- Born: 1938 Ruhengeri province, Ruanda-Urundi
- Died: 13 November 2006 Kigali, Rwanda
- Political party: Rwanda Patriotic Front

= Alexis Kanyarengwe =

Rwandan military officer

Colonel Alexis Kanyarengwe (1938–2006) was a Rwandan officer who fled Rwanda in 1980 amidst accusations that he was plotting against Juvénal Habyarimana.

Kanyarengwe rose to power as one of the officers who led a coup on July 5, 1973, that toppled then President Grégoire Kayibanda, installing Habyarimana. He was appointed Minister of the Interior in the new government, and reportedly rose to the number two position. In December 1980 he came under suspicion of fomenting a coup against Habyarimana and fled into exile in Tanzania.

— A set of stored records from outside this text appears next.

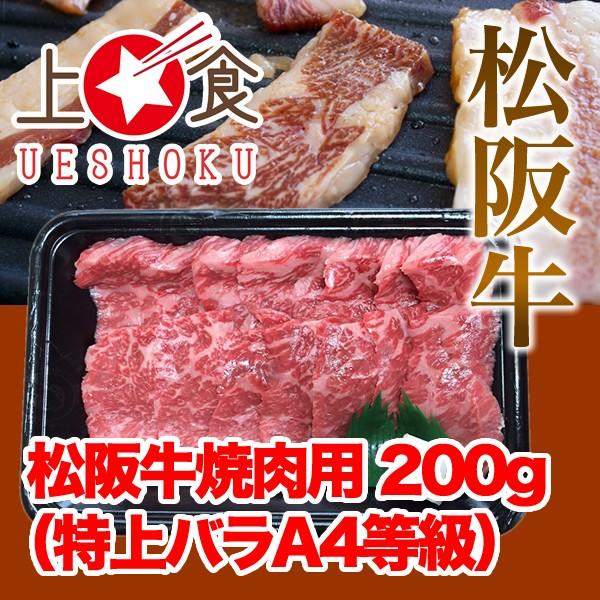 松阪牛焼肉用（特上バラA4等級）＜200g＞ 松阪牛 黒毛和牛 雌牛 特上バラ バラ A4等級 焼肉 バーベキュー BBQ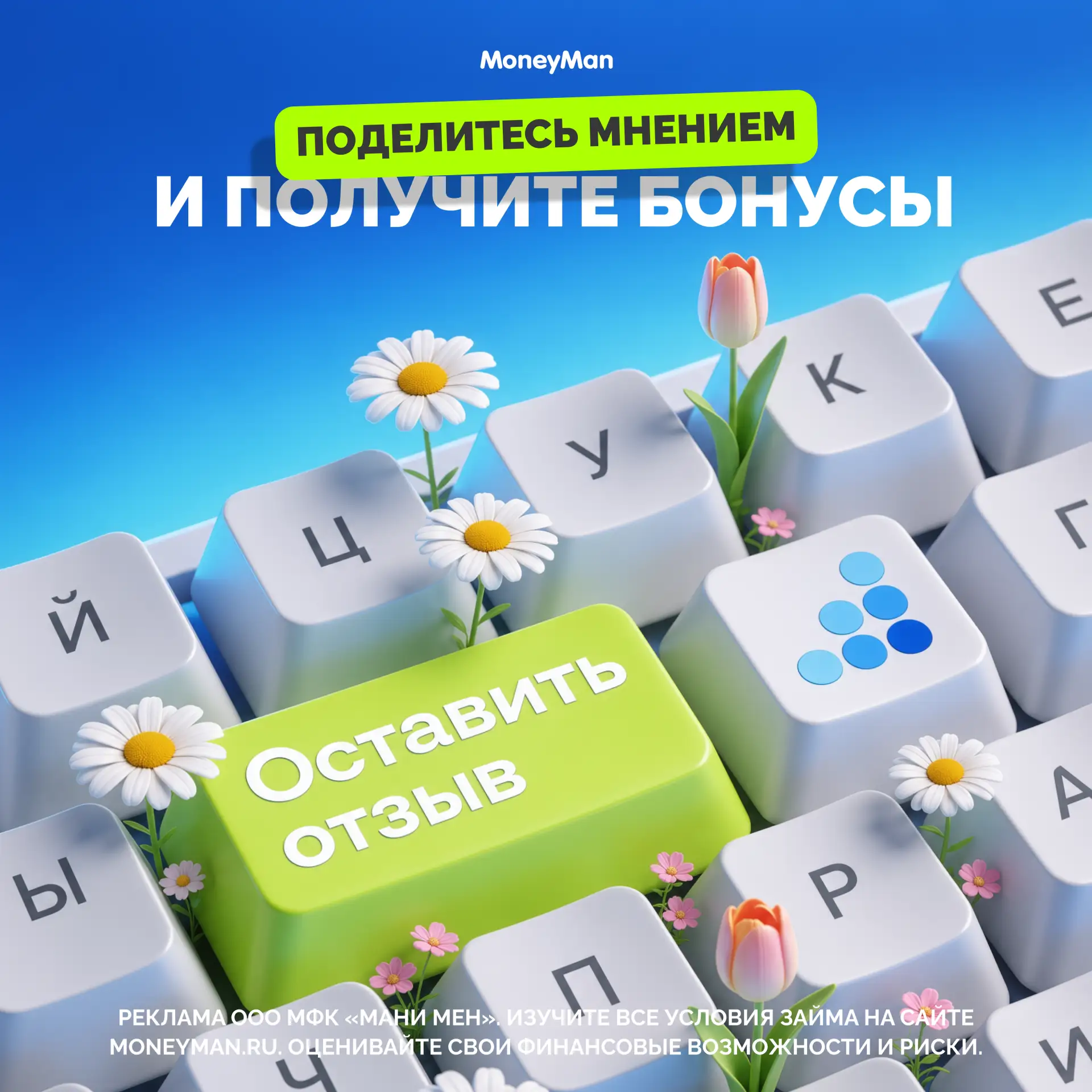 Ваш отзыв может принести вам 600 бонусных рублей 💚 
Если вы уже пользовались MoneyMan, поделитесь с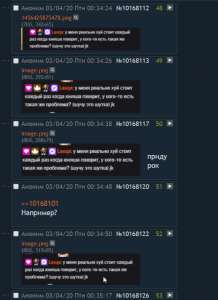 573x788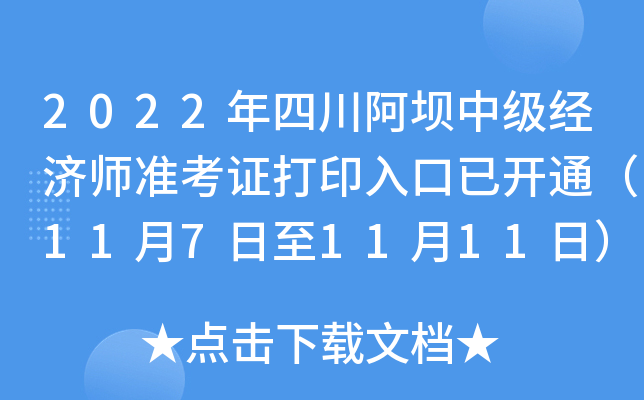 2022年四川阿坝中级经济师准考证打印入口已开通（11月7日至11月11日）
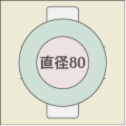 テーブルサイズ 直径80cm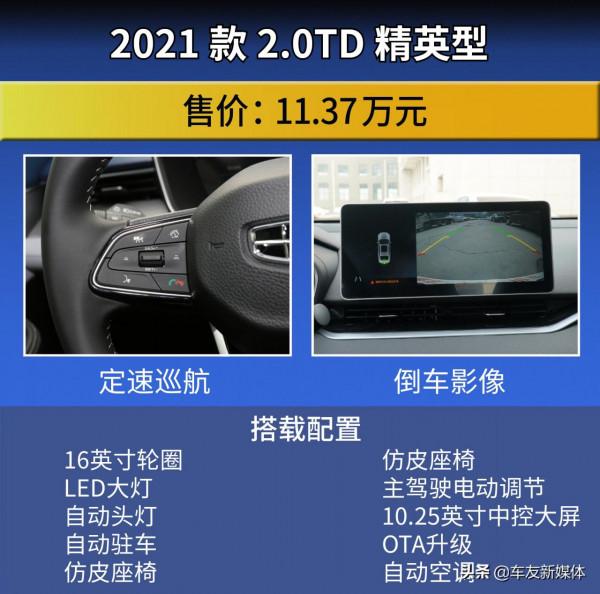 推薦2&period;0TD精英型 吉利星瑞購車手冊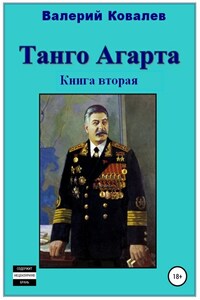 Танго Агарта. Часть 2. Клон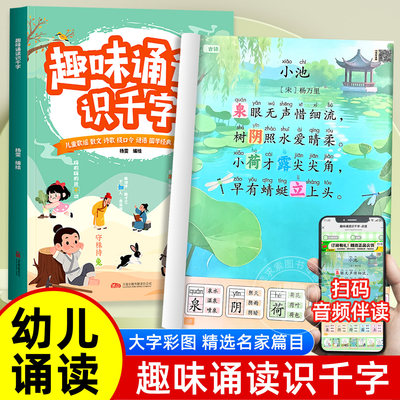 诵读识千字幼儿377科学晨读童谣儿童对字歌幼儿园阅读古诗幼小衔接识字书认字儿童识字启蒙书阅读与识字大字带拼音注音版学前班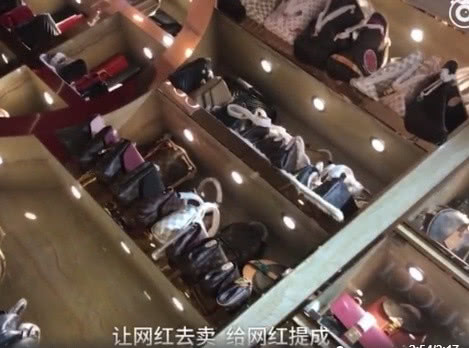 假冒品牌假包包,揭秘网红假产品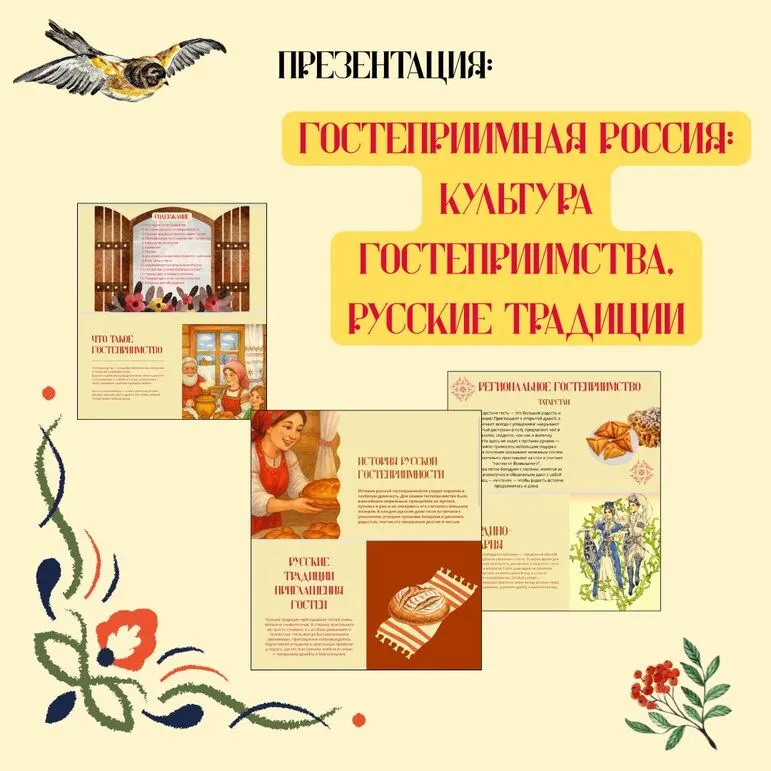 Презентация Гостеприимная Россия: культура гостеприимства, русские традиции. К уроку 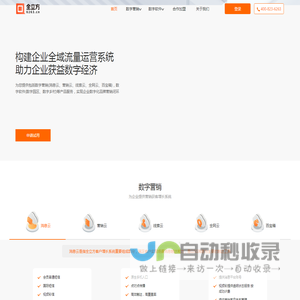 致力于为中小企业提供客户增长系统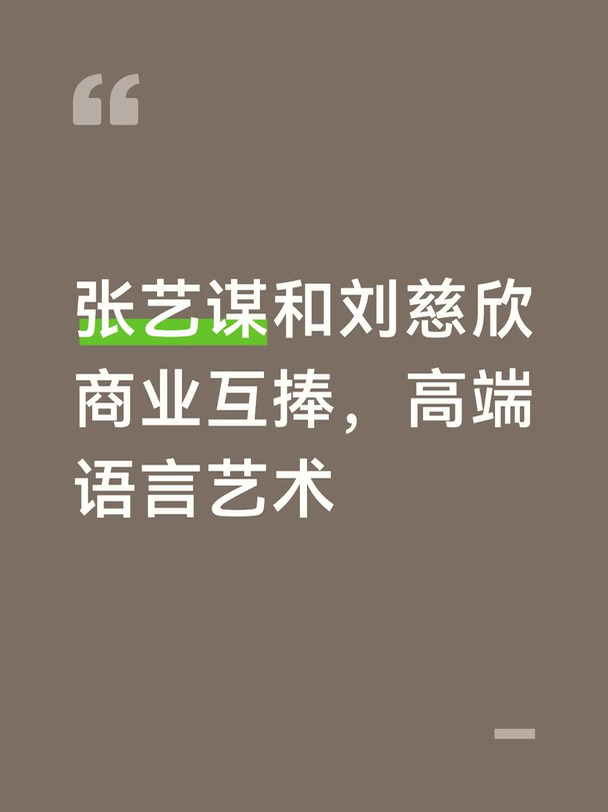 张艺谋和刘慈欣商业互捧，高端语言艺术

In September 1990, after three years of convincing, Kanyarengwe joined the Rwandan Patriotic Front (RPF), following a meeting with Aloisea Inyumba. This is despite his being a Hutu and the RPF being made primarily of Tutsi in exile. The effect of his defection in Rwanda led to Habyarimana cracking down further on internal opposition.

Kanyarengwe joined the RPF as its vice president, but quickly rose up the ranks. In October 1990, RPF founder Fred Rwigyema was killed in mysterious circumstances, possibly by his deputy Pierre Bayingana. Bayingana was himself assassinated by forces loyal to Rwigyema. In the fallout of these events, Kanyarengwe was thrust into the presidency.

However, real power was thought to be held by RPF vice president Paul Kagame.

On 28 March 1997, Kanyarengwe was sacked from his post as Interior minister after protesting Rwandan Patriotic Army massacres in his home prefecture of Ruhengeri. Ignace Karuhije, who also protested, was removed on the same day. On 15 February 1998, Kanyarengwe was finally replaced by Paul Kagame as chairman of the RPF.